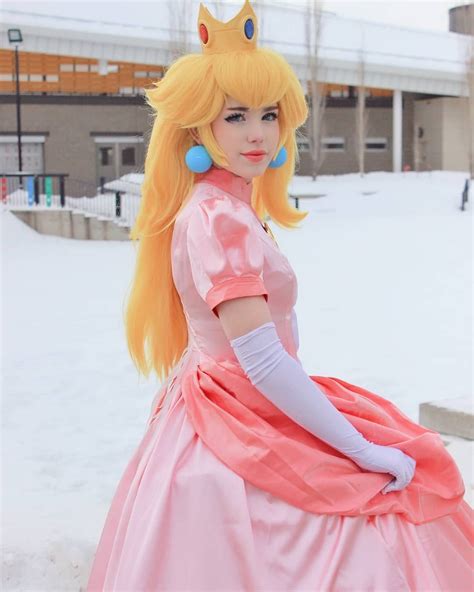 Hannah Zuki 🌸 On Instagram “happy Mario Day ♡” Peach Cosplay Princess Peach Cosplay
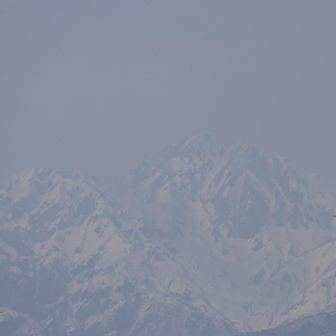 ただ、目を皿のようにするとうっすらと
五竜岳と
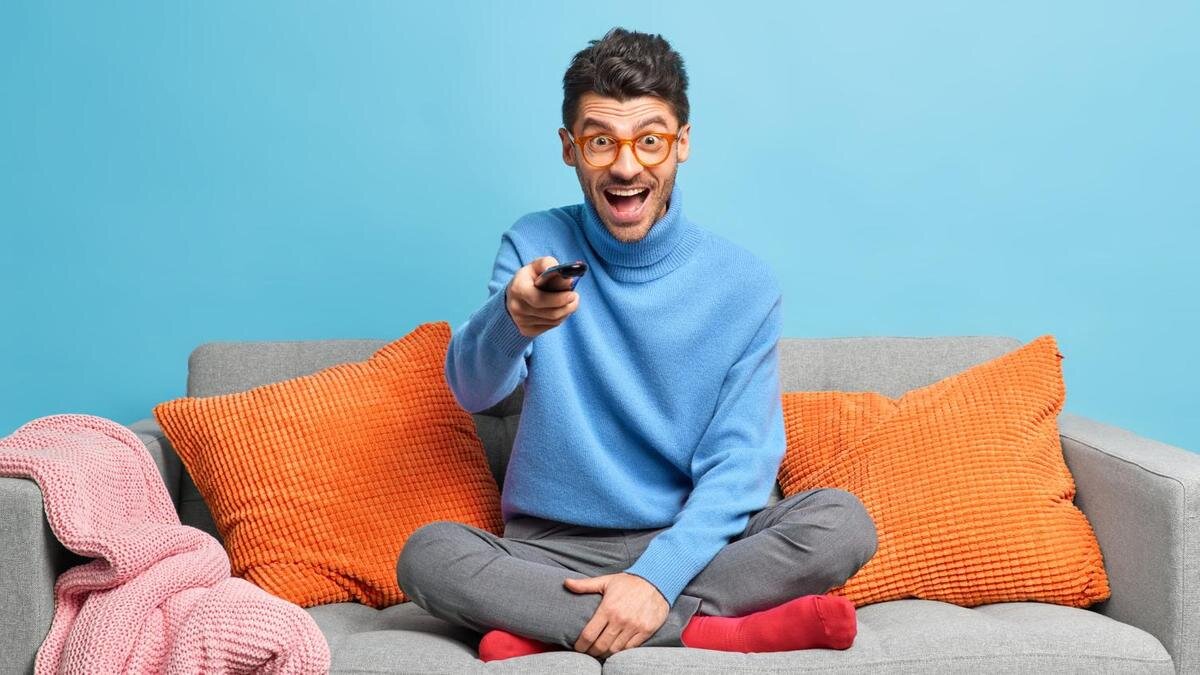    Мужчина с пультом:Freepik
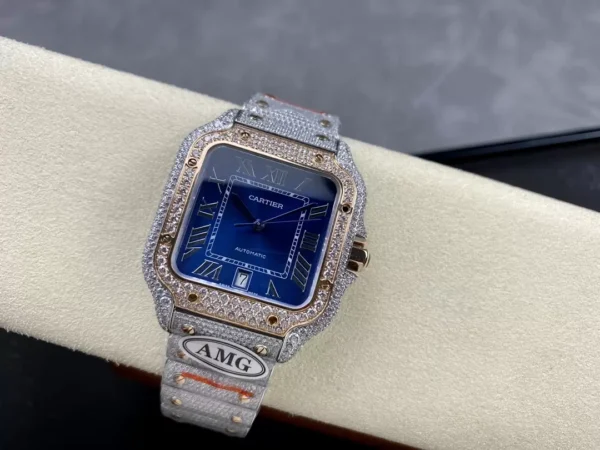 ĐỒNG HỒ CARTIER SANTOS DEMI ROSE GOLD REP 11 ĐÍNH ĐÁ MẶT XANH AMG FACTORY 40MM (2)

__EXERCISE__: Every entry above should be given again exactly, with no images included.

__YOUR SOLUTION__:
 Hannah Zuki 🌸 On Instagram “happy Mario Day ♡” Peach Cosplay Princess Peach Cosplay
 ただ、目を皿のようにするとうっすらと
五竜岳と
    Мужчина с пультом:Freepik
 ĐỒNG HỒ CARTIER SANTOS DEMI ROSE GOLD REP 11 ĐÍNH ĐÁ MẶT XANH AMG FACTORY 40MM (2)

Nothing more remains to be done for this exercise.